India far behind achieving financial inclusion; 19% of its population still unbanked
When the Pradhan Mantri Jan-Dhan Yojna(PMJDY) was introduced, many Indian citiznes from bottom of the pyramid could get exposure to personal finance and banking facilities. However, it seems India has not been able to reach at the financial inclusion level as desired. A recent joint research on financial inclusion done by ASSOCHAM and EY doesn’t reveals that India’s financial services ecosystem lags in terms of physical infrastructure and has failed to reach the poor. It finds that more than 19% of the Indian population is still unbanked or financially excluded
The main objective of financial inclusion is to ensure access to formal credit for people who are dependent upon informal sources for fulfilling their financial needs, at an affordable cost in a fair and transparent manner, and to promote financial education, mentioned the report titled, ‘Evolving landscape of microfinance institutions in India,’ jointly conducted by ASSOCHAM and EY.
The Government and the Reserve Bank of India (RBI) have taken several laudable initiatives to promote financial inclusion. These efforts include launch of co-operative banks and regional rural banks, introduction of mandated priority sector lending targets, formation of self-help groups, appointment of business correspondents by banks to provide door-step delivery of banking services. These steps have helped to bring in a large section of the unbanked population under the formal financial credit system. However, a considerable portion of India’s population still remains devoid of access to basic formal credit facilities mainly due to lack of last mile connectivity.
The Indian microfinance industry is dominated by NBFC MFIs with an 88% market share. According to data from MFIN, there are 12 small MFIs (loan book less than INR1b), another 22 medium-sized MFIs (loan book between INR1b and INR5b) and 22 large MFIs (loan book above INR5b). Large MFIs account for ~90% of the industry’s gross loan portfolio (GLP), client base and debt funding.

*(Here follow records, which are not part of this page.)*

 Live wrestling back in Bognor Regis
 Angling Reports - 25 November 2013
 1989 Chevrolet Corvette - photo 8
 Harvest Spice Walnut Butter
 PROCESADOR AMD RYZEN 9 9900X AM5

During FY12–16, the gross loan portfolio (GLP) of MFIs grew at a CAGR of 48% to reach INR532.3b and the number of clients benefited crossed 32.5m (as of March 2016). Notably, the sector reported a significant surge of 84% in GLP from INR289.4b in FY15 to INR532.3b in FY16, since MFIs indulged in issuing large loans to clients after the RBI relaxed indebted exposure to single borrower from INR 50,000 to INR 100,000. 60% of the GLP was attributed to the rural sector while the remaining 40% was from metros, urban and semi-urban areas (as of March 2016).
In terms of regional breakup, south India had the highest share at 35% of GLP followed by west and north India at 25% share each. The study finds that 31% of the loans were given for agriculture and allied activities while 64% were given for non agriculture and 5% for household finance as of March 2016. Large MFIs, some of which are in the process of converting to small finance banks, reported the highest surge in their loan books.

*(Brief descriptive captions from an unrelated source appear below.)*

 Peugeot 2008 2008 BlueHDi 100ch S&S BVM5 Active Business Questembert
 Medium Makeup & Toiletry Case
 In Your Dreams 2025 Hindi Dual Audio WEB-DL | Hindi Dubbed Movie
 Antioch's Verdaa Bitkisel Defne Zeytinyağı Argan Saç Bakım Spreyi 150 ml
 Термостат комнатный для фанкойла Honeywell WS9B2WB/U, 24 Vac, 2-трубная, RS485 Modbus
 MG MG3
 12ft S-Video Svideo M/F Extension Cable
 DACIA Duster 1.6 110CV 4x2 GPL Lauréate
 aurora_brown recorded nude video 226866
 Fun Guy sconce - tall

Post 2010, MFIs consolidated their operations, since the sector faced more stringent regulatory requirements. Number of MFIs declined from~70 in pre-2010 to 55 in early-20167. Growth slowed after FY11 and in FY13, there was a decline in both branch network and employee base. However, following the initial consolidation, microfinance companies started aggressively expanding operations. From FY13 to FY16, branch network expanded at a CAGR of 16% while the employee base increased at a CAGR of 27%. Of the total base of 85,888 employees, 63% are loan officers who provide door-to-door credit as on March 2016.

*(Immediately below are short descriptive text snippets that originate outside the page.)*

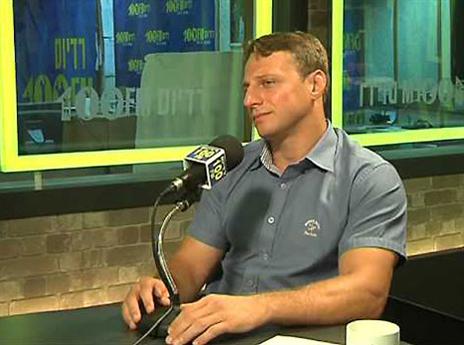 ח"כ רזבוזוב, נושא קרוב לליבו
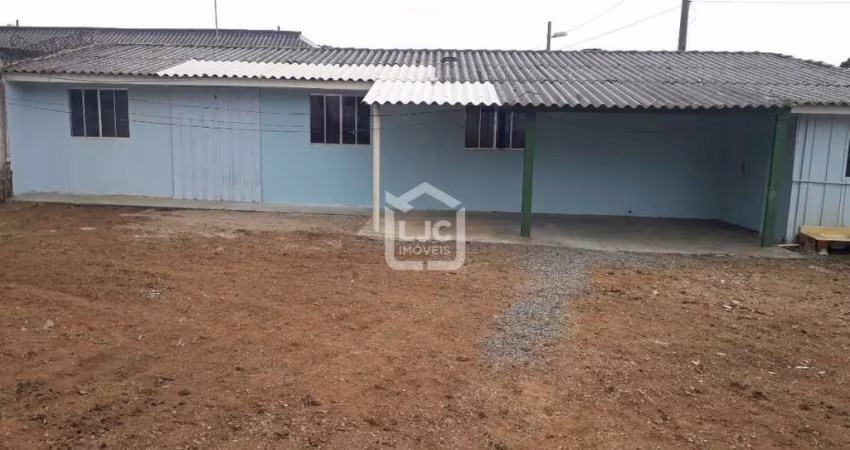Casa de fundos, Passauna, Araucaria - PR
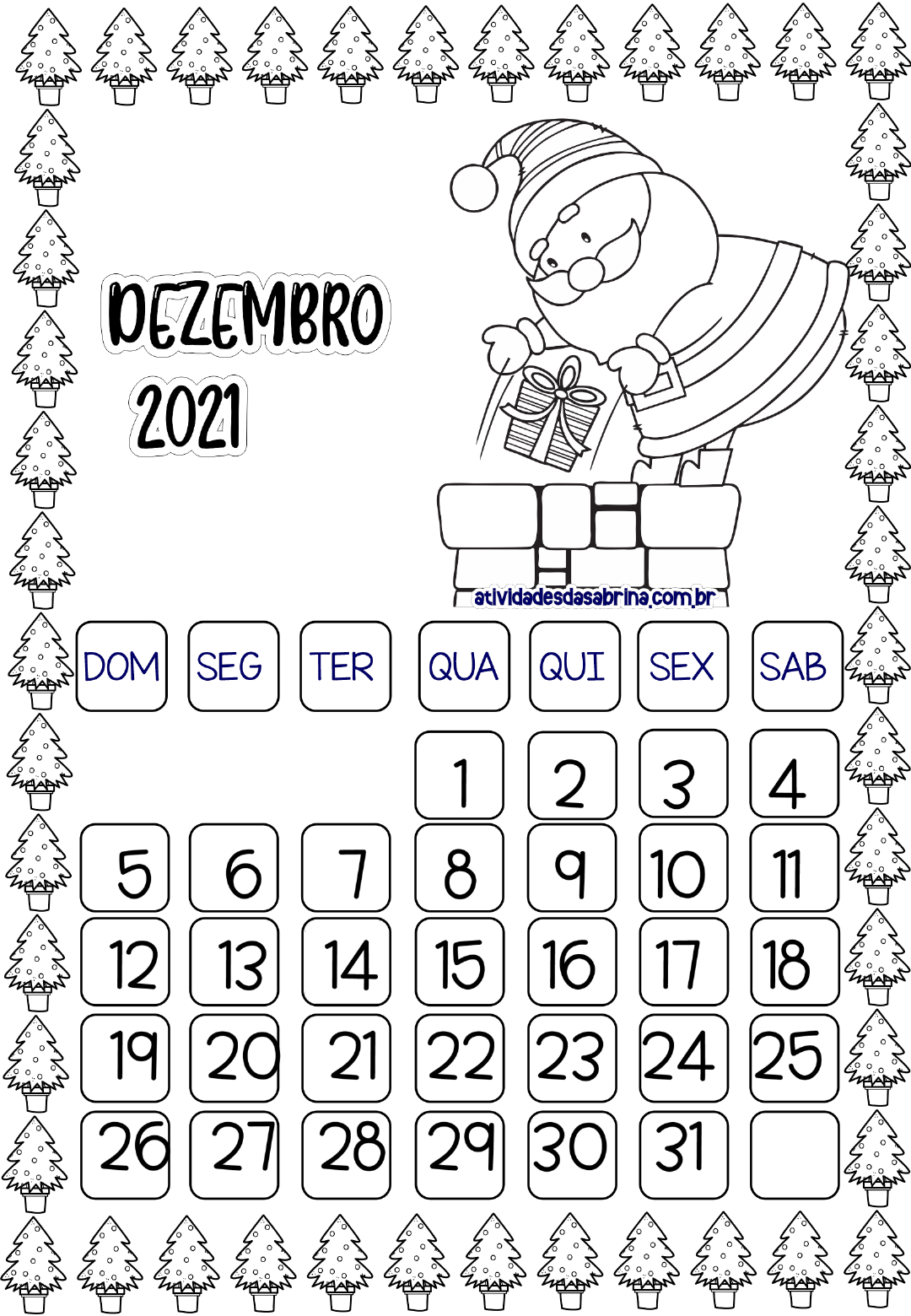 Calendários e planejadores imprimíveis Fevereiro 2024 A4, A3 para PDF e PNG  - 7calendar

During the last two years, MFIs have reported a 58% jump in average loan size per customer from INR 10,364 in FY14 to INR 16,394 in FY16, since during the same period gross loan portfolio has increased 3X while client base has only increased 2X. Some industry experts have ascertained the high growth pattern to the rise in clients, increase in general income levels and ease of lending rules by the RBI. In April 2015, the RBI raised the cap on indebtedness to a borrower from INR 50, 000 to INR100,000.